GIVEN INFORMATION:
____

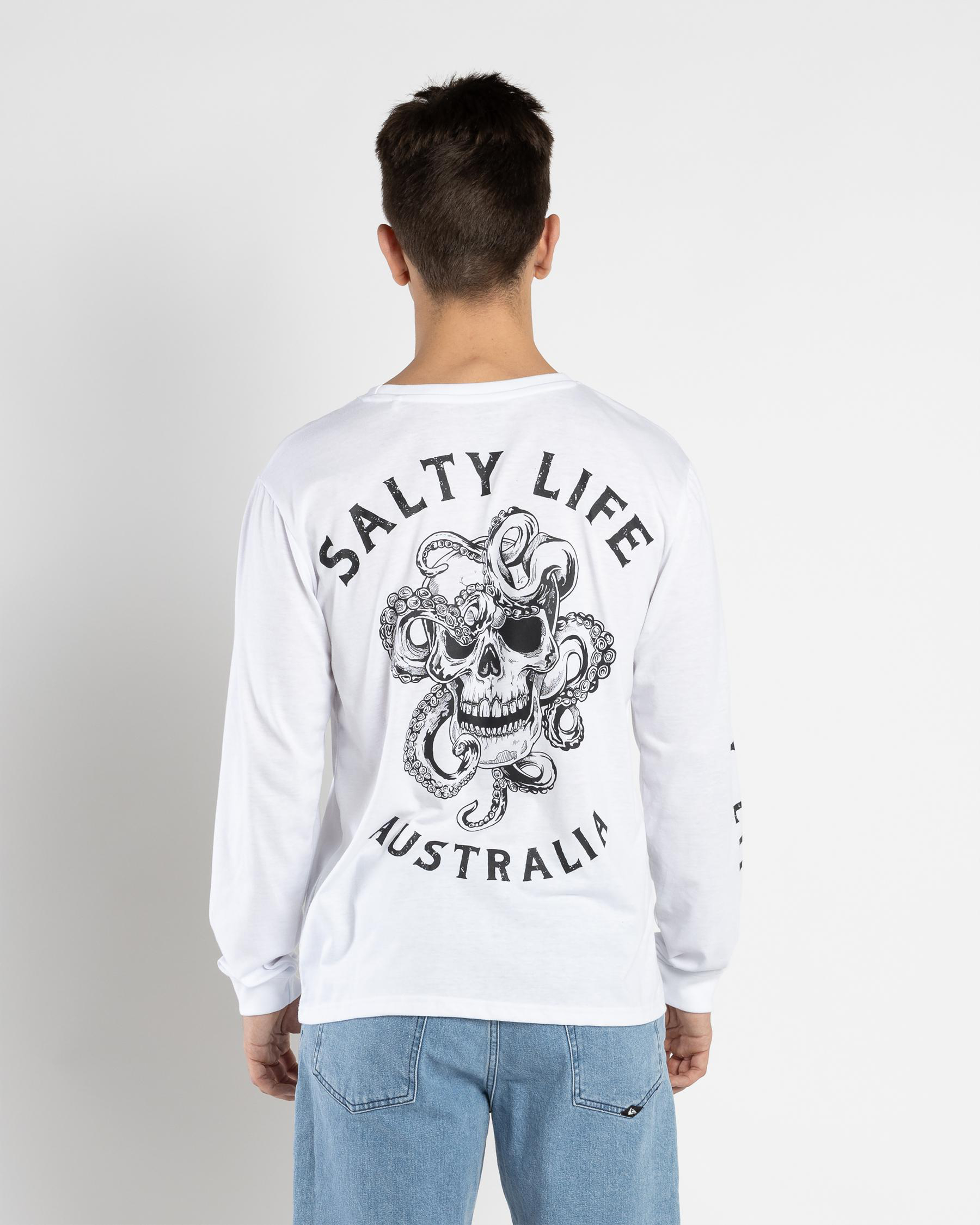 Buccaneer Long Sleeve Wetshirt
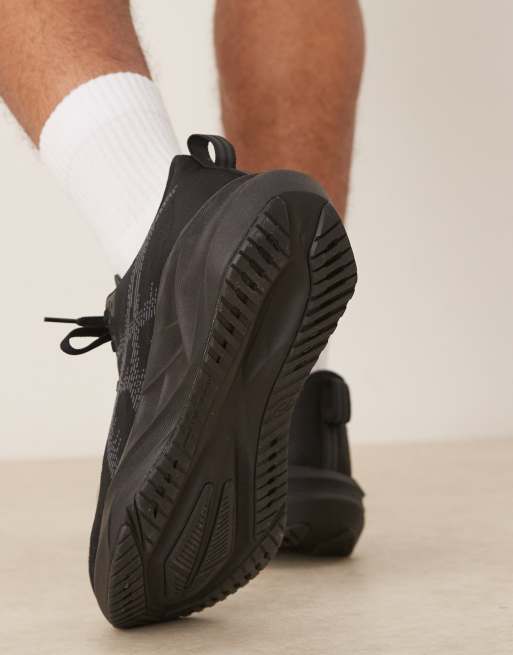 Asics - Novablast 5 - Hardloopschoenen in zwart met grijs, 4 van 5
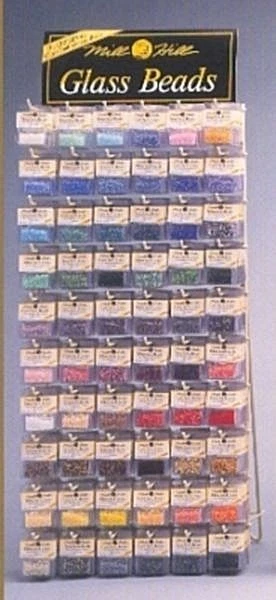 Mill Hill Glass Seed Beads (5 Pkgs) - U Choose Colors
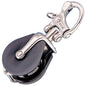 Wichard Snatch Block wSnap Shackle  Max Rope Size 18mm 2332 35500W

____

TRY IT: Please reproduce each line of the listing above exactly, skipping pictures.

EXERCISE ANSWER:
 Buccaneer Long Sleeve Wetshirt
 Asics - Novablast 5 - Hardloopschoenen in zwart met grijs, 4 van 5
 Mill Hill Glass Seed Beads (5 Pkgs) - U Choose Colors
 Wichard Snatch Block wSnap Shackle  Max Rope Size 18mm 2332 35500W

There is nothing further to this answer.